Dies Irae (1943)
Pocas sensaciones me gustan más que reencontrarme con una película antigua y tener la sensación de que el lenguaje cinematográfico, con más de ciento veinte años de historia a sus espaldas, puede seguir resultando fresco y sorprendente. Esto que suele suceder en los planos de Dreyer en general y en los de Dies Irae en particular, no habla demasiado bien de gran parte de los cineastas actuales. Y no es que el danés invente la rueda, pero sí le da un toque muy personal y exprime sus posibilidades al máximo.
De repente, una narración en paralelo, un travelling lateral, o el fuera de campo, tanto sonoro como visual (atención a la clase magistral que se imparte en la secuencia inicial), se convierten en algo excitante y no son percibidos como un recurso más entre todos los que se utilizan en el cine actual. Como muestra, un botón: el pastor protestante siente el peso de la culpa mientras su hijo y su flamante y joven esposa coquetean y se aman en la exhuberante naturaleza del exterior. Un contraste tan sencillo como el del gris del hogar familiar frente al esplendor del bosque, es capaz de hacernos sentir esa distancia abismal entre la angustia y la felicidad.
Y todo ello en el marco de una narración rabiosamente feminista en la que la supuesta bruja representa el sometimiento ancestral de la mujer al heteropatriarcado.
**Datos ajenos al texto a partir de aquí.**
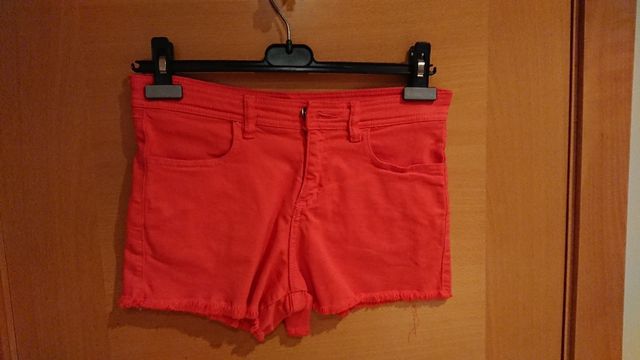 Pantalones cortos naranjas Gocco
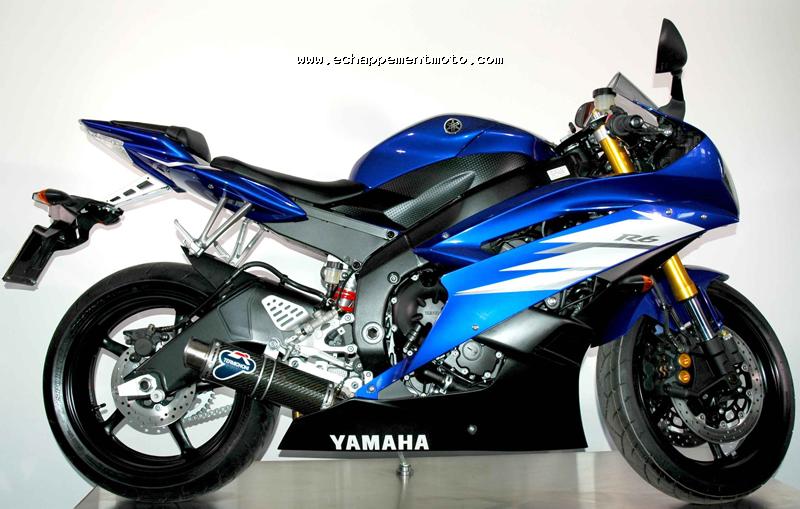 YAMAHA R6 2006 termignoni GP style YAMAHA R6 2006 termignoni GP style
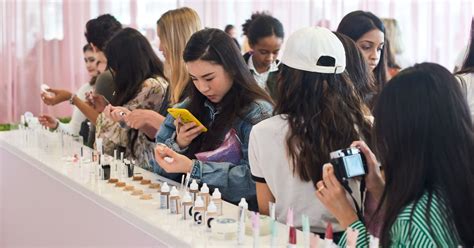 Inside Glossier’s International Expansion Strategy | BoF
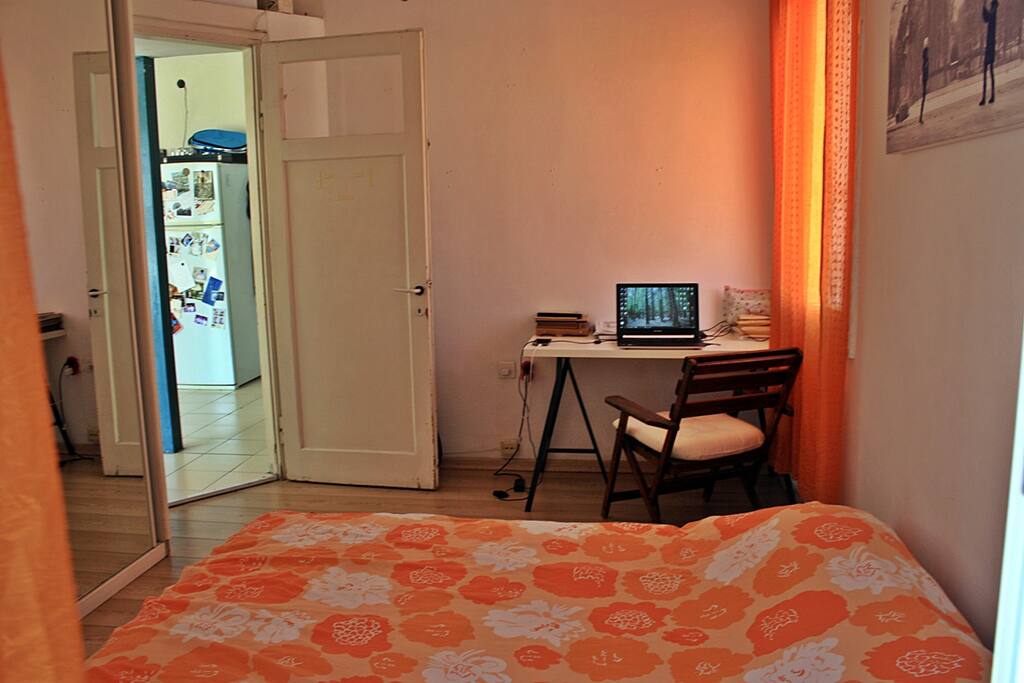 Bed room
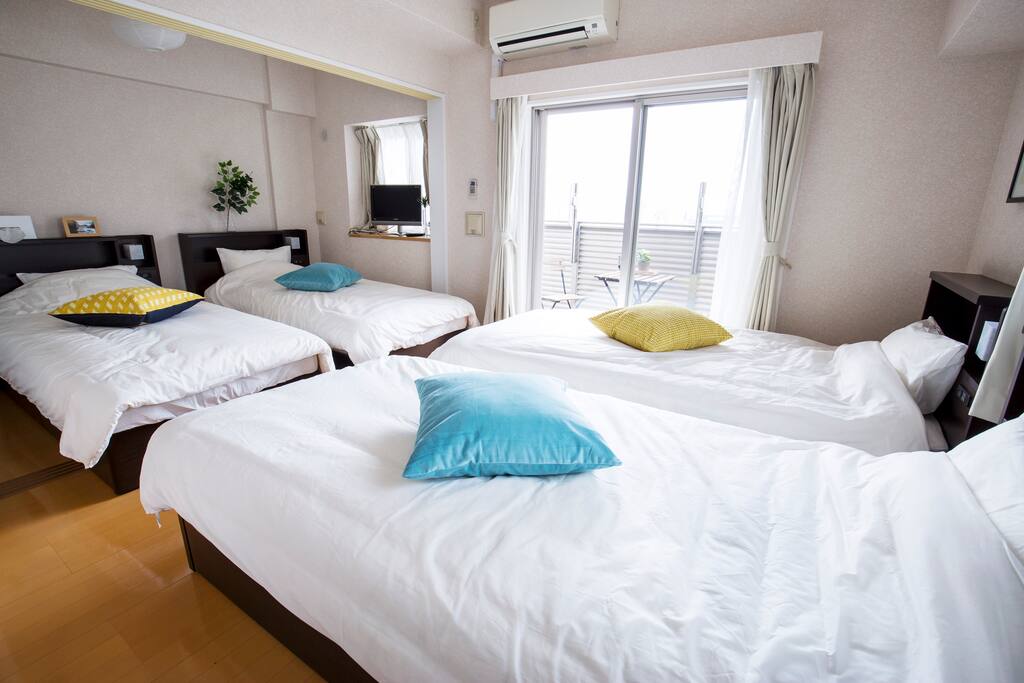 Very sunny comfy room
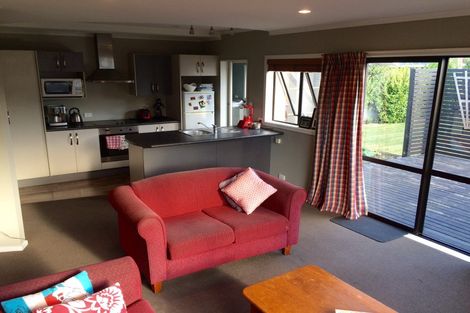 Photo of property in 11 Wittys Road, Avonhead, Christchurch, 8042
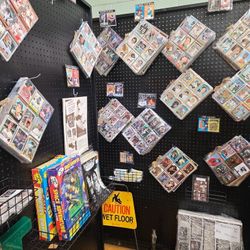 Sports Cards, Shot Glassware, Hats, Pokémon, Game's 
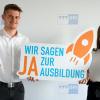 Sie haben bereits "Ja" gesagt und absolvieren eine Ausbildung bei der IHK für Oberfranken Bayreuth: Melissa Häfner (rechts) absolviert eine Ausbildung zur Kauffrau für Büromanagement, Marlon Seiler zum Fachinformatiker für Systemintegration.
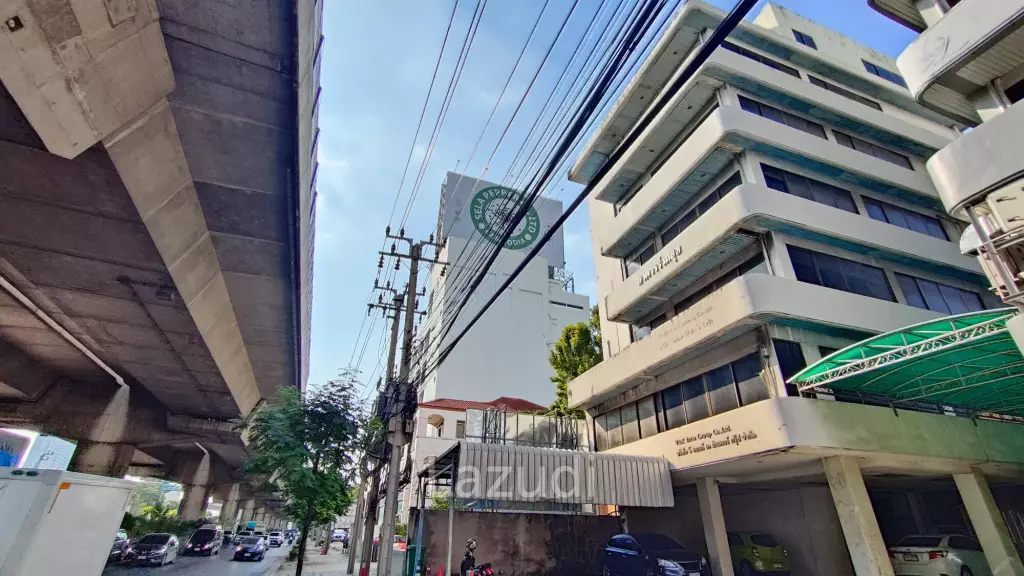 Whole Office Building for sale in Rama 9 soi 43 (facing main road)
Con la convicción que filmaba todas sus obras, Dreyer no da puntada sin hilo y retrata dos personajes masculinos, uno mayor y otro más joven, y uno femenino, la madre del pastor, como estandartes generacionales del andamiaje en el que se apoyaba y apoya el machismo endémico de nuestra civilización. A su manera, cada uno de ellos perpetúa la sumisión de la mujer en una sociedad temerosa del nuevo orden que podría surgir de garantizarse la igualdad de derechos entre hombres y mujeres.
Como principales herramientas de represión, la acusación de brujería, la ignorancia y el miedo. Y entre tanta oscuridad, la película ilumina a una muchacha que ha sido entregada a un hombre mayor contra su propia voluntad y que, al conocer el amor fuera del matrimonio, se entrega en cuerpo y alma al único sentimiento puro que ha conocido hasta ese momento, aunque ello suponga la traición a su marido.
Sin embargo, el danés no cae en sentimentalismos y remata su denuncia con un desenlace que recuerda (y no solo en estos momentos, sino también en el juicio inicial del filme) al de su Juana de Arco: mientras los hombres juegan a la (in)justicia, las mujeres mueren por sus ideales. Toda una declaración de intenciones de un cineasta muy adelantado a su época, que sería mal recibida y mal comprendida en 1943.